Lighten Up! | Teen Ink

Lighten Up! MAG

April 16, 2009
By Alex.D SILVER, Santa Cruz, California
Alex.D SILVER, Santa Cruz, California
8 articles 0 photos 0 comments

A quick survey of the work on leaves me feeling down. How melancholy teen writers are. Page after page of angst-filled, angry, whiny drivel! The day I wrote this, for example, the most popular unpublished fiction piece was about a boy whose father had died. The story was ­decent, but this kind of writing is incredibly common. What are your lives like? What causes these teen writers to craft so many stories about depressing subjects like prostitution, murder, and rape?

Whatever happened to the short story writers of the Strand Magazine (to which Arthur Conan Doyle contributed his tales) or the essayists who wrote about dogs, smoking, and the cakes that their wives made? (Humorist James Thurber wrote about all those things. Good stuff.)

Have teen writers simply not read much comedy? If not, then I recommend Oscar Wilde, P.G. Wodehouse, James Thurber, George Bernard Shaw, David Sedaris, Stephen Fry, E.B. White (who was well-known for his light-hearted ­essays before he became a children's author), Eric Newby, David Mitchell, Peter Cook, Al Franken, Douglas Adams, Mark Twain (he wrote more than Tom Sawyer), and Rowan Atkinson.

Or must we attribute this dismal trend to that old bastard, teen angst? Do these writers just have so many feelings that they can barely contain themselves and must vomit them onto paper, lest they pop? If that is the case (and I think it must be), then for heaven's sake, mix it up! I say this as much for my sake as a reader as for yours as a writer. Don't spend all of your lovely, fluffy, and ultimately endearing energies ­writing about how messed up the world is or how few people understand you. Write something about “Gordito: The Crime Solving Dog,” or “The Time I Ate Thirty-Nine Pies.” Such stories are bound to tickle at least a few humor glands.

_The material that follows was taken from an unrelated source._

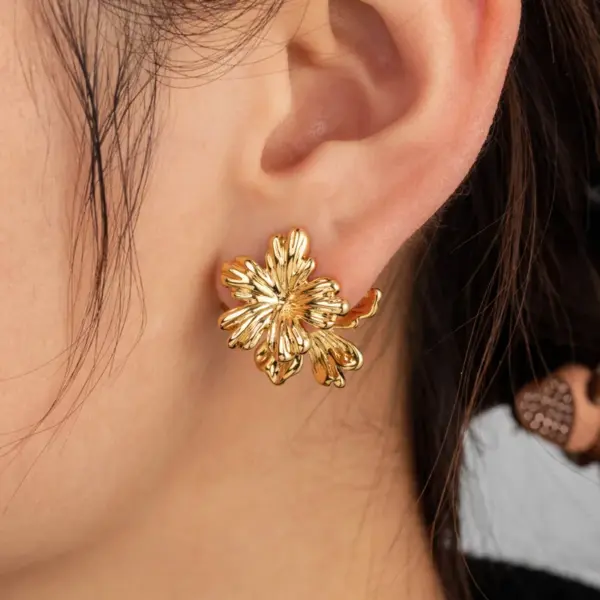 Wholesale PVD Coated Flower Ginkgo Leaf Fish Tail 304 Stainless Steel Simple Style Waterproof Non Tarnish Drop Earrings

Now, I am not saying that angst has no place in writing. Of course it does, especially on a site like Indeed, angst is a feeling as legitimate as any other. But it is not, as many of you think, a personal pain. Have you read Catcher in the Rye? You probably enjoyed it because it's incredibly easy to relate to the main character. The reason is that Holden Caulfield experiences what every single adolescent does: angst.

I certainly experience angst. Occasionally, I feel down, friendless, and rejected. What do I do when in these funks? I read something by one of the aforementioned authors. Then I suddenly remember that the world is a pretty entertaining place and, regardless of its reason for being, life is pretty all right. And I feel the same feelings but amplified when I write anything humorous.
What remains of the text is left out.